» Problem
Begin at the line where "Ethnic Rhinoplasty Before" appears and reproduce exactly every line through the end of the data below, both included, skipping pictures.

» Data shown
- - -
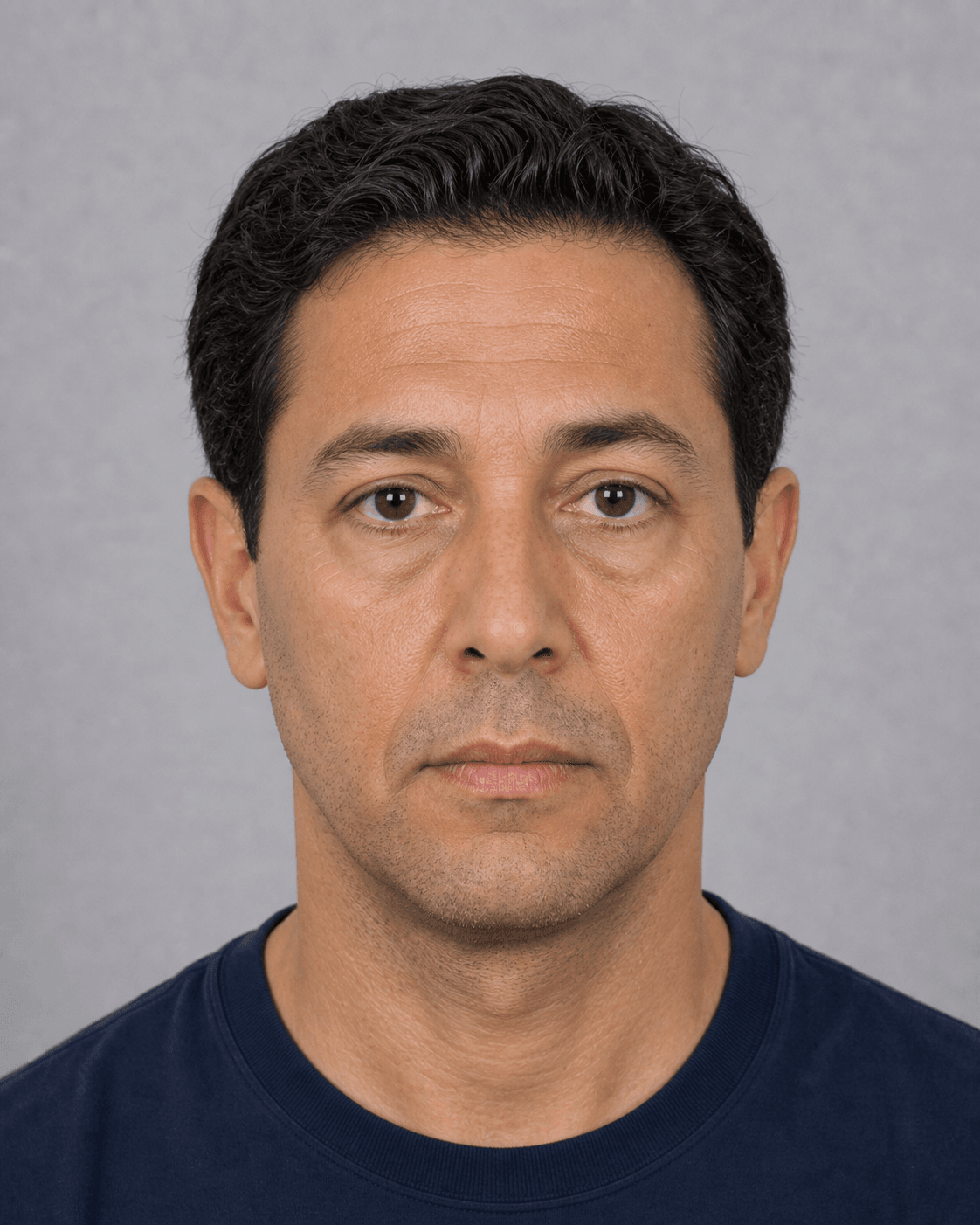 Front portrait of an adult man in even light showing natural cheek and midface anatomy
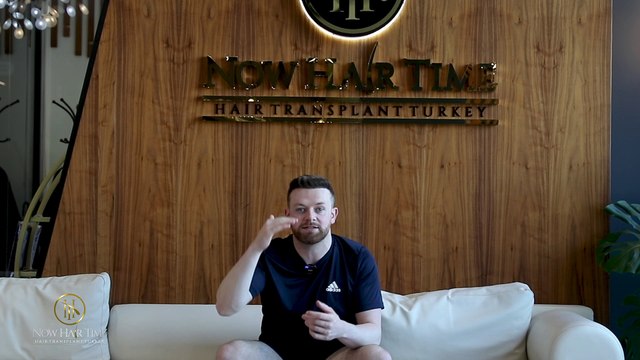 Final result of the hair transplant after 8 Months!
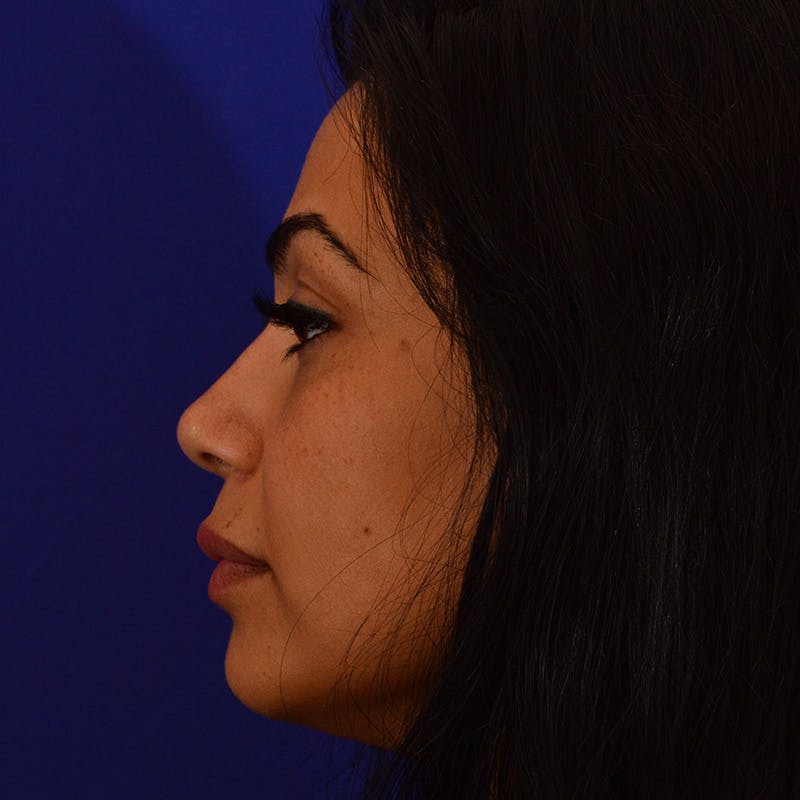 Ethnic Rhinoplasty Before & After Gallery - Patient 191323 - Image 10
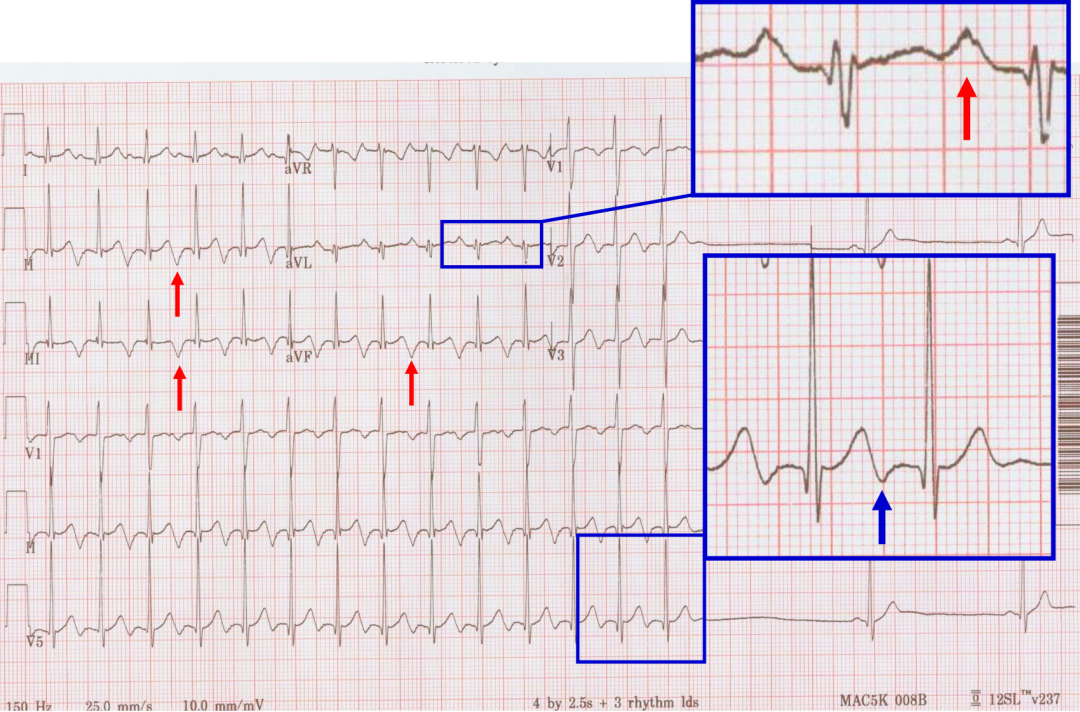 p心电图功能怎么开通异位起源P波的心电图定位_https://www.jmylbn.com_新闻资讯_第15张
- - -
» Worked solution
 Ethnic Rhinoplasty Before & After Gallery - Patient 191323 - Image 10
 p心电图功能怎么开通异位起源P波的心电图定位_https://www.jmylbn.com_新闻资讯_第15张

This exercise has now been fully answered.